In total, 473 patients from the pooled MONARCH 2 and postMONARCH populations (fulvestrant plus abemaciclib, n=242; fulvestrant alone, n=231) were matched in the MAIC with 426 patients from the EMBER-3 trial, and 343 patients from the EMBER-3 trial (imlunestrant plus abemaciclib, n=169; SOC ET, n=174) were propensity-score matched with 343 patients from the pooled MONARCH 2 and postMONARCH populations (fulvestrant plus abemaciclib, n=169; fulvestrant alone, n=174).

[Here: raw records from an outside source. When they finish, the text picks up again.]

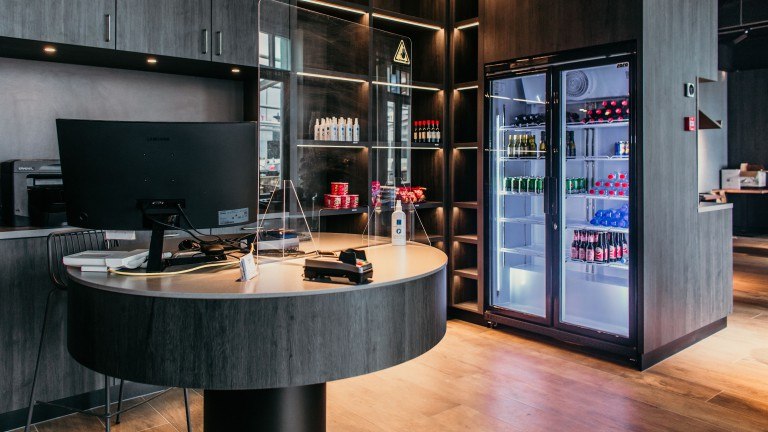 Store - Amsterdam Beach Hotel Zandvoort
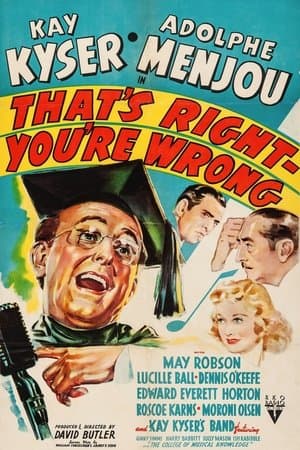 That's Right – You're Wrong thumbnail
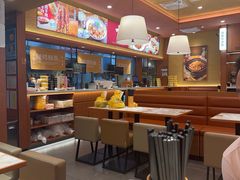 -剪花娘子·陕西面馆(上海川沙百联店)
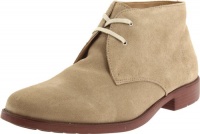 Hush Puppies Men's Hoffman Chukka Boot Hush Puppies Men's Hoffman Chukka Boot
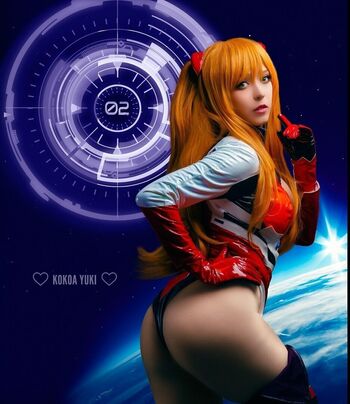 Full leaked Kokoayukipon private onlyfans photo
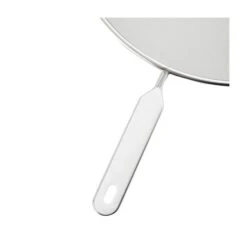 Norpro Splatter Screen, 13" Stainless Steel Mesh 12 Norpro Splatter Screen, 13" Stainless Steel Mesh -Home Kitchen image 1665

In terms of patient characteristics for MAIC, the proportion of patients with prior CDK4/6 inhibitor exposure was 65% in both the EMBER-3 and pooled MONARCH 2 and postMONARCH cohorts, and receipt of prior ET in the advanced setting was 70%. For PSM, the proportion of patients with prior CDK4/6 inhibitor exposure was 58% in the EMBER-3 cohort vs 57% in the pooled MONARCH 2 and postMONARCH cohort. Prior ET in the advanced setting was reported in 67% of patients in the EMBER-3 cohort and 66% of patients in the pooled MONARCH 2 and postMONARCH cohort.
Across the 3 indirect treatment comparison methods examined in the study (Bucher method, MAIC, PSM), imlunestrant in combination with abemaciclib showed a numerically consistent reduction in risk of disease progression or death compared to fulvestrant in combination with abemaciclib. The Bucher method produced a HR of 0.77 (95% CI: 0.58–1.04) and the MAIC analysis showed a HR of 0.77 (95% CI: 0.55–1.06), both favoring imlunestrant in combination with abemaciclib. PSM also showed a PFS trend favoring imlunestrant plus abemaciclib, with a HR of 0.83 (95% CI: 0.56–1.22).
In this indirect treatment comparison analysis, imlunestrant plus abemaciclib demonstrated favorable PFS vs fulvestrant plus abemaciclib. These findings highlight the effectiveness of imlunestrant in combination with abemaciclib for the treatment of endocrine-resistant, ER+, HER2– advanced breast cancer.
References
- Jhaveri K, Bidard FC, Kalinsky K, et al. Imlunestrant plus abemaciclib versus fulvestrant plus abemaciclib in ER-positive, HER2-negative advanced breast cancer: an indirect treatment comparison of three phase III trials. ESMO Open. 2026;11(3):106091.